My dogs love chicken necks. Anna chews them, Duncan is a gulper with most anything--with these he might get one or two bites in then down the hatch it goes. We've not had any problems, just keep an eye on him when he eats. 

You could also try freezing them to make them more likely to chew the necks before swallowing.


----------



## elisabeth_00117 (May 17, 2009)

Stark tends to gulp chicken necks so I have to cut them up when I fed them.

Have you tried turkey necks? I get Tom necks (male turkey) because they tend to be bigger. The ones I have in my freezer right now are all over 1lbs each!


----------



## aubie (Dec 22, 2008)

Yeah, there are some freakishly huge turkey necks...they scare my DH!! 

I'd rather have turkey necks, they seem to love any type of neck.


----------



## Lauri & The Gang (Jun 28, 2001)

Isabella said:


> Do your dogs swallow necks whole as well?

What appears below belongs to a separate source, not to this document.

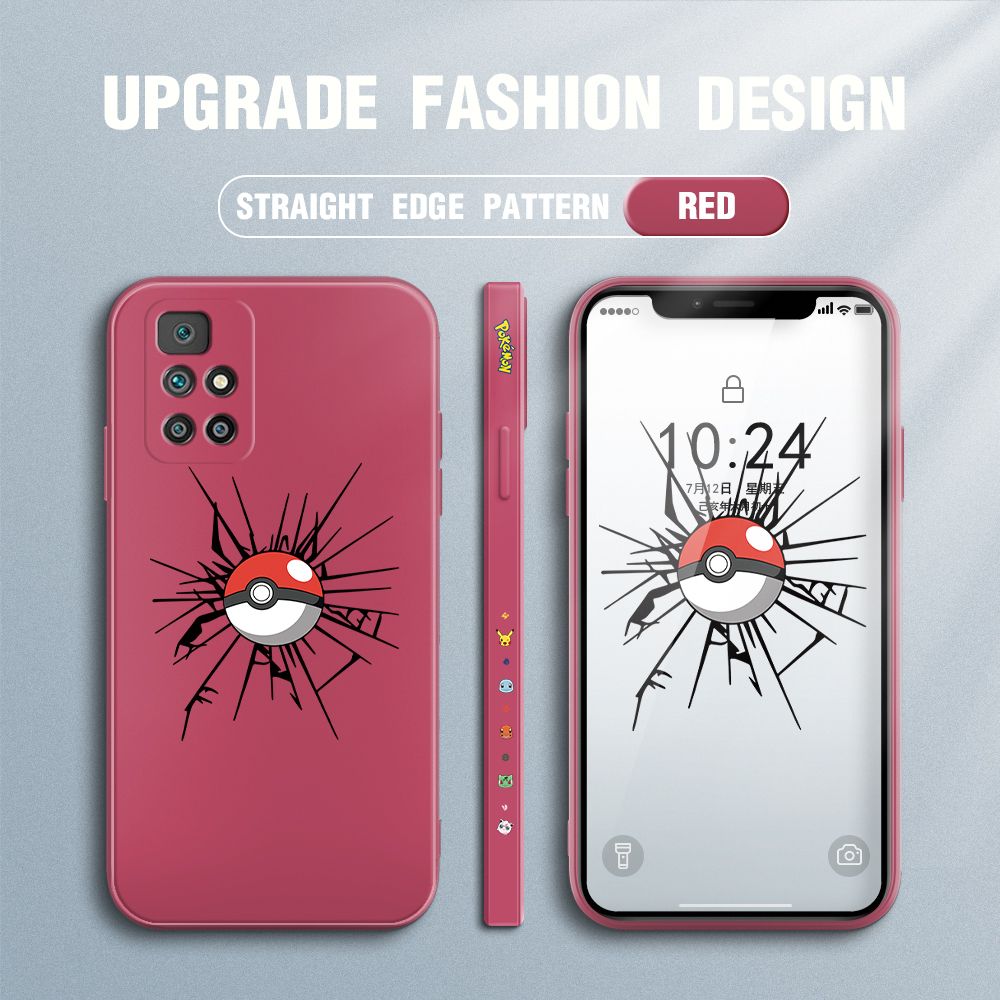 Jizetin for Xiaomi Redmi 10 Case Cartoon Pokémon Pocket Monster Design Side Design Phone Case Square Edge Pattern Liquid Silicone Cases Full Cover Camera Shockproof Protective Case
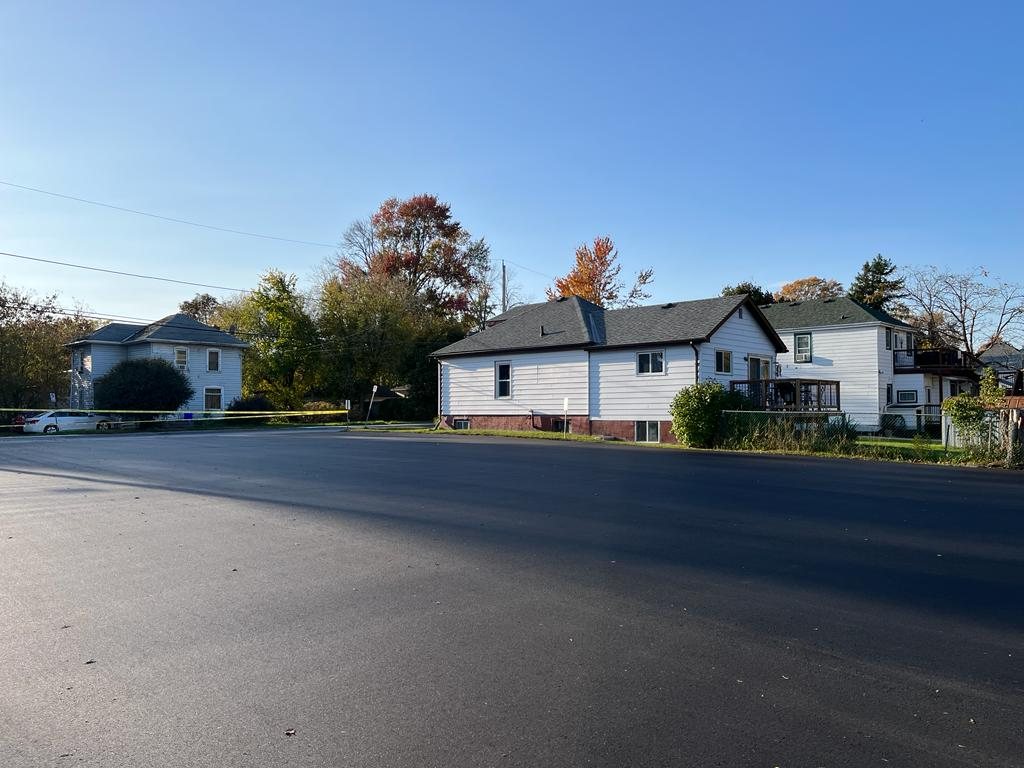 freshly paved parking lot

The big guys - yes. But the necks are small enough that they don't get stuck going down and everything 'comes out' fine so I don't worry.


----------



## jakeandrenee (Apr 30, 2010)

Jake is practically swallowing the little chicken necks I just recently bought him! There was a great deal on necks and backs....49 cents a pound so I stocked up. When I came home to repackage in bags to freeze I see they are the size of my finger and I have little hands! Frozen or not he swallowed the last two I gave him. It scares me, too! Jake is 5 months!


----------



## Blitz Burgh Steeler (Jun 13, 2010)

Blitz takes 2 bites then swallows the rest whole and their pretty big necks . He's 5 mos.


----------



## onyx'girl (May 18, 2007)

Karlo and Onyx always gulped down chicken necks, I don't feed them. I chunk up turkey necks in 1/3s and they take more time with those. They loooove Turkey necks!


----------